With the recent passing of Tanzanian president, the late John Pombe Maghufuli, one can be forgiven for wondering if the untimely death will lead to a reduction at the very least of covid denial in the region and across Africa generally. His death came as no surprise to many both in and outside of Tanzania. The leader of the opposition in Tanzania, had repeatedly declared that the late president who died under unclear circumstances had been suffering from Covid-19, a disease whose very existence he had repeatedly questioned, while simultaneously declaring that Tanzania had overcome it through prayer.
A video of his final speech before his passing, delivered in late February, depicts the late President issuing a series of incoherent ramblings, reminiscent of Donald Trump. In the rambling speech, the late President railed against mask wearers during a funeral service for a senior Tanzanian official who had also died of Covid.
In embarrassing scenes not fitting of a head of state, the late president singled out individuals for ridicule due to their wearing for masks, including members of the clergy, a judge and his wife among others while praising as courageous those who had no masks. He questioned the faith of nuns and priests in attendance for their wearing of the protective gear.
The late president went on to declare that masks produced overseas probably contained corona, adding that people were better of wearing home-made masks or masks made in Tanzania. While this last message is a welcome one, his incoherent ramblings that Covid-19 was western economic warfare defied logic especially considering that western countries are among the worst affected by the clearly deadly virus.
Sadly as embarrassing as that speech was, Maghufuli still has his supporters. One may be tempted to hope that his passing might serve as a cautionary tale for Covid deniers, the anti-vax crowd, irrational religious extremists of various faiths as well as the anti-mask crowd. Sadly however, the cognitive dissonance that has allowed people to reject not just the science but all the evidence right before their very eyes will continue among still too many across not just Africa but the broader Pan African world.
The fear of course is that as western countries and others in the Northern hemisphere succeed in achieving herd immunity via vaccinations, populations in Africa and across the global south may be left out due to the lethal combination of what has been referred to by some as the “vaccine apartheid”, vaccine skepticism, spread, ironically, by the ultra right, white supremacist and racist white evangelical movement in America, as well as the anti-science irrational covid denial.
While the majority of Africa and the Pan African family has thankfully been spared the worst of covid, what we are seeing in both Brazil and South Africa provide cautionary tales. Both are countries within the sunny tropics, consisting of majority populations of Africans or African descent and yet what we see is that clearly Africans are neither immune nor necessarily protected by the sun as many have often speculated.
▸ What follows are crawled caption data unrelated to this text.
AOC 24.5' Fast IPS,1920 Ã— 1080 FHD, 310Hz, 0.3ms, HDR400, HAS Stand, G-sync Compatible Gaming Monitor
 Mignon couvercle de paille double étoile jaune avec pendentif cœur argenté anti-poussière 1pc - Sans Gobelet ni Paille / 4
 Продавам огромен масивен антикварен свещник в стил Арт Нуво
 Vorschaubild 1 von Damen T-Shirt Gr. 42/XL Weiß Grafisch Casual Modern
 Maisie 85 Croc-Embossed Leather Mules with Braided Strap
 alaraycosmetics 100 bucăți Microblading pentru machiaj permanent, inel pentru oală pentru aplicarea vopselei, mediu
Additionally, while Maghufuli may have been the most vocal Covid denier in Africa, clearly he was not alone. Brazil’s Bolesanaro has continued his railing against covid, despite his own infection and many religious leaders have continued to lead their faithful in irrational anti-science campaigns.
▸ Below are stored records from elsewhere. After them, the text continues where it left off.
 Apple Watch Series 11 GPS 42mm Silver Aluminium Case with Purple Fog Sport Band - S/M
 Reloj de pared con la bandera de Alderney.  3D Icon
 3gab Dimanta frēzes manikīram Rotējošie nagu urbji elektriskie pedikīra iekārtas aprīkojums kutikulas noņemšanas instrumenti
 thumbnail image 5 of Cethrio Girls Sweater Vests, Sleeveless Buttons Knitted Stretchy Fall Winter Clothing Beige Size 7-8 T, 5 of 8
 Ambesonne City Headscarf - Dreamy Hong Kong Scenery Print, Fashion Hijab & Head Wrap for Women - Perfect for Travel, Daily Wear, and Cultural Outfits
Tanzania’s neighbors in East Africa including Kenya and Uganda are hoping that they will now have a new partner in the fight against covid in newly sworn in President Suluhu Hassan. Hopefully we will begin to see a unified voice of reason across all of Africa and stepped up efforts for self reliance in the fight against the deadly virus. The west has shown that they have no qualms about leaving Africans behind as European and North American countries hoard doses of vaccines for their own populations. Africans need to step up with a unified effort at developing solutions from right within Africa for vaccines for this as well as other viruses, for PPE as well as for home grown remedies including those using traditional African healing plants and other natural remedies.